» Required action
From the listing below, retype exactly the line holding "2024 Subaru Ascent", the line holding "Dalby Manor Motor", and the lines between them; skip everything else.
Task input: Begin
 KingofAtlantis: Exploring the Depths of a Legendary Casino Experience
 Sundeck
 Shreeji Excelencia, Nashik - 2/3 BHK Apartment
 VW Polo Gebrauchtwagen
Task input: End
Task input: Begin
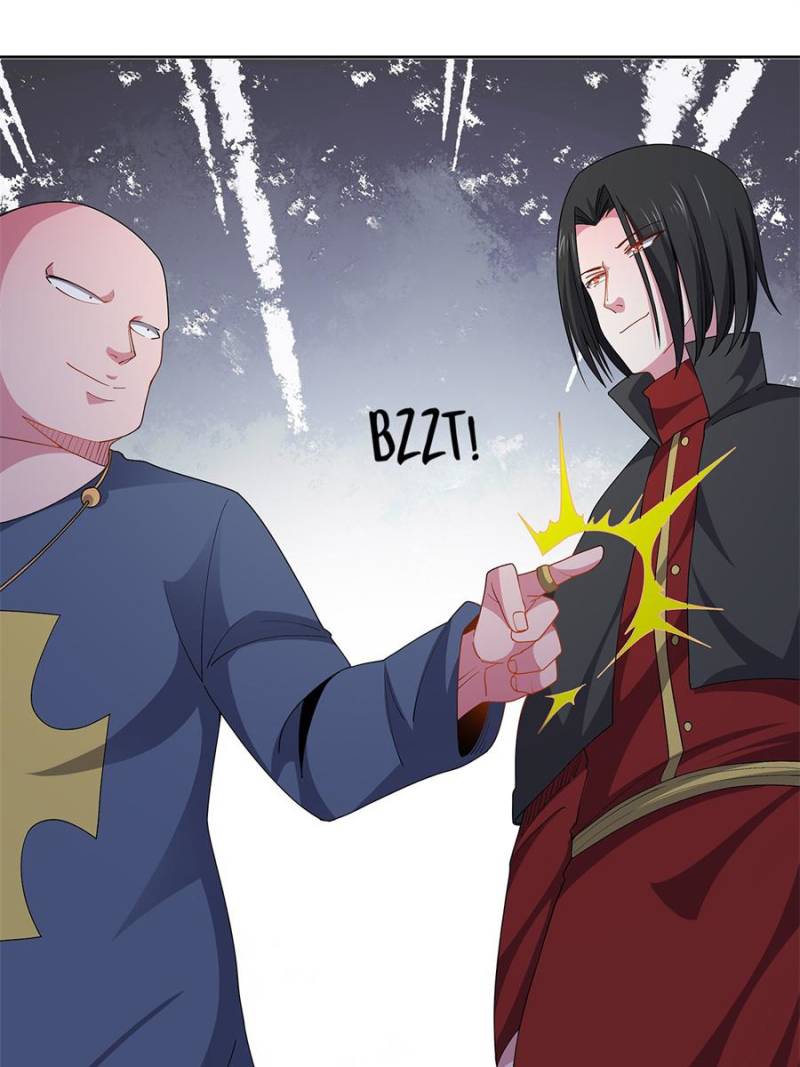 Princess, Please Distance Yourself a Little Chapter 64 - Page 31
Task input: End
Task input: Begin
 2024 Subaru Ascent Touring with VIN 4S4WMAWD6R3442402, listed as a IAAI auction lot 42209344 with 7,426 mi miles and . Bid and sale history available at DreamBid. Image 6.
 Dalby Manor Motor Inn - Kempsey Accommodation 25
Task input: End
» Task output
 2024 Subaru Ascent Touring with VIN 4S4WMAWD6R3442402, listed as a IAAI auction lot 42209344 with 7,426 mi miles and . Bid and sale history available at DreamBid. Image 6.
 Dalby Manor Motor Inn - Kempsey Accommodation 25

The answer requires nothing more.